# Pietta



## Captainball (Dec 1, 2010)

I was hoping I could get some input on Pietta revolvers.

I have been thinking about trying BP revolvers. I don't want to spend a lot to try it out, so have been looking at the Pietta 1858 New Army from Cabela's. They are on sale now, for $199.99. I don't want to go with the "kit" as I figure the quality of items included is not that great.

I have handled (not shot) several and they felt O.K.? The finish was not as bad as I had been led to believe.

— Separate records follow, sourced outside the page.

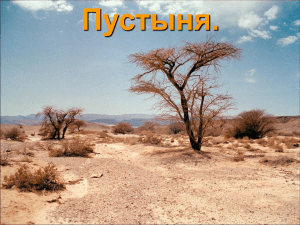 Пустыни: формирование, климат, флора и фауна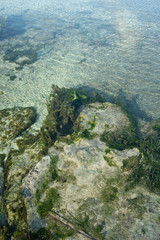 coral reef and sea background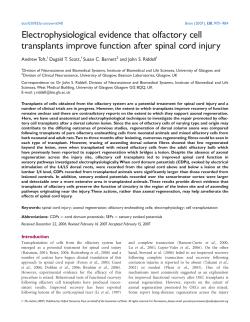 Electrophysiological evidence that olfactory cell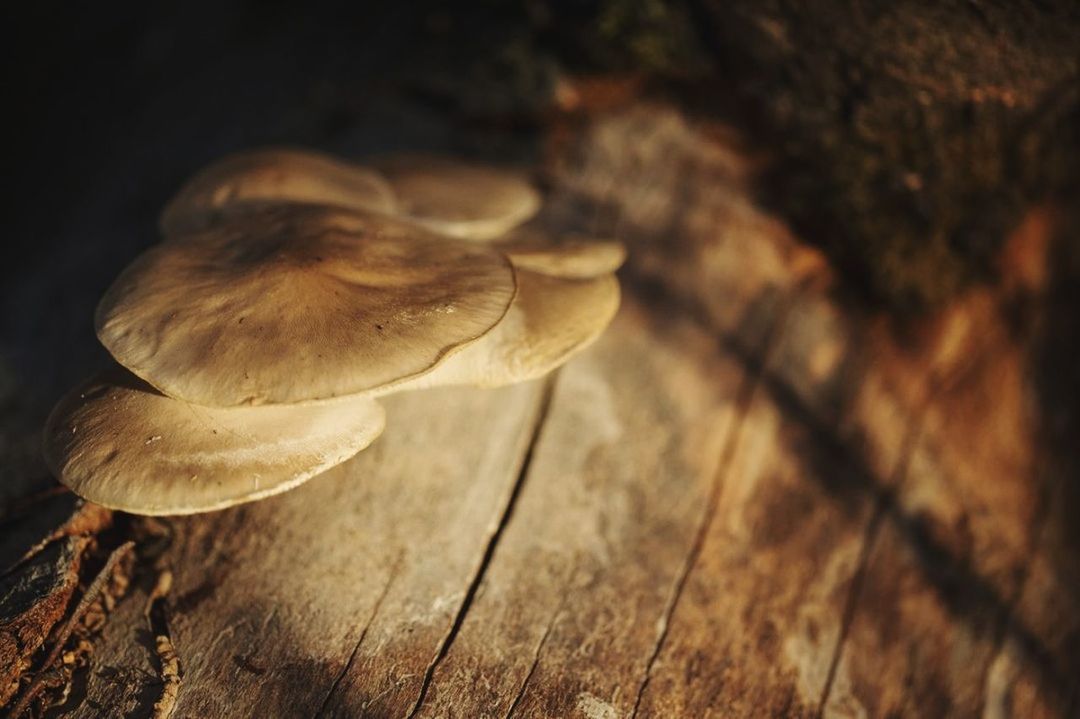 mushroom, fungus, vegetable, food, no people, edible mushroom, close-up, freshness, growth, toadstool, plant, selective focus, food and drink, vulnerability, fragility, nature, wood - material, beauty in nature, tree, land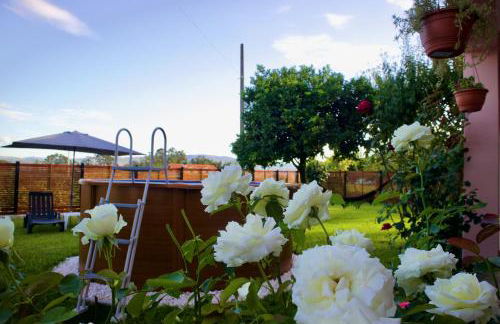 Rosinha Country House - Foto 5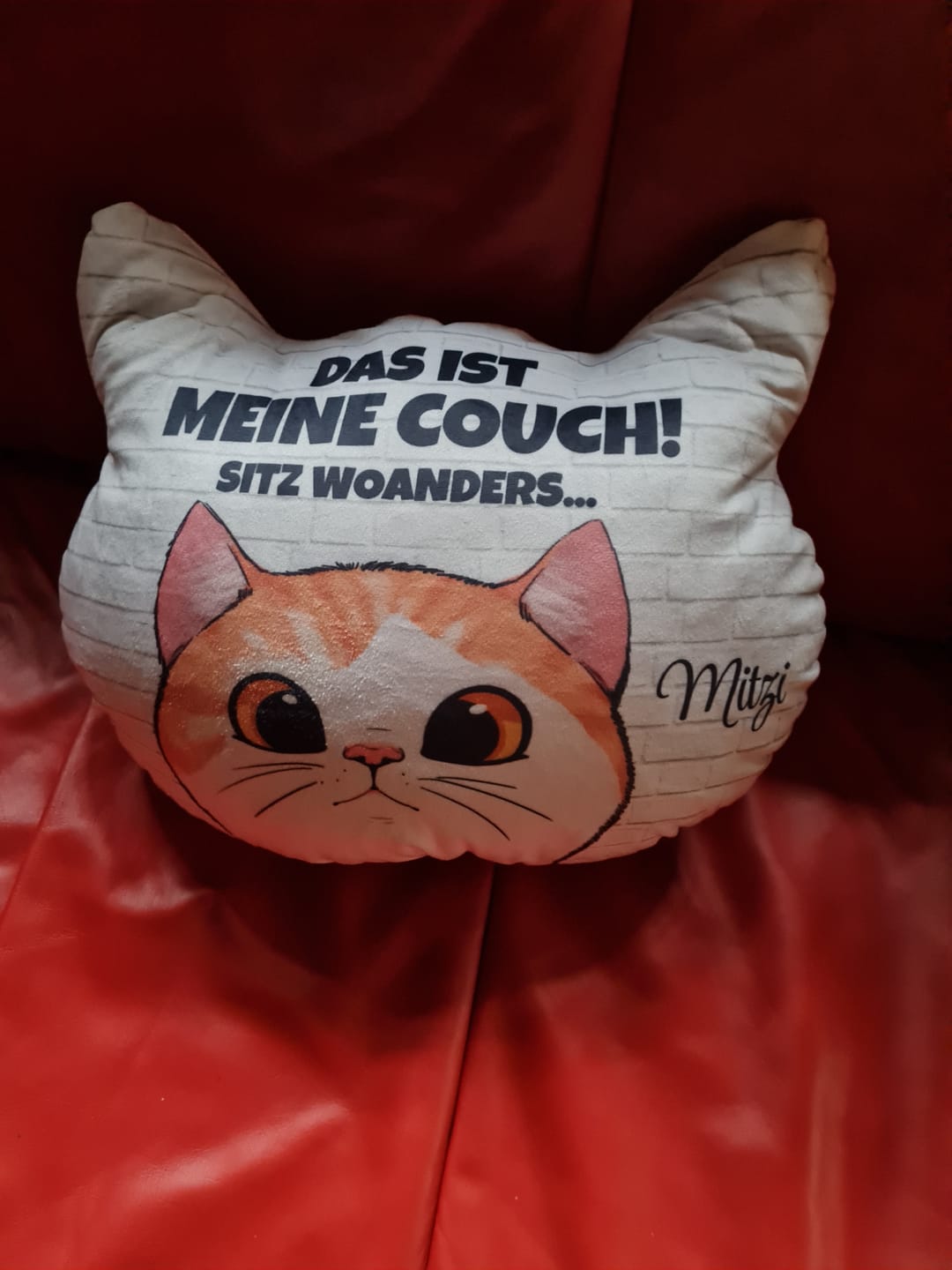 Customer photo review of Unsere Couch - Individuelles Formkissen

I know there are better guns out there but am curious if I will just be wasting my money?

Any thoughts or problems with the Piettas I should know about?


----------



## alleyyooper (Jul 6, 2007)

I bought mine as a kit way back in the late 1970's from Ye Old Black Powder shope alburn Michigan.
It was of good quailty and has preformed fine for me for many years. It uses #10 caps that can be a problem to find at times but #11 caps can be used if you crimp them on so they do not come off in recoil.

Wow $200.00 bucks, I might shop around and find a used Rugar old army for that kind of money.

 Al


----------



## Captainball (Dec 1, 2010)

I did look at the Rugers briefly but they were running from $450 to $750.


----------



## alleyyooper (Jul 6, 2007)

For the Rugars the key word is used. Look on gunbroker.com

 Al


----------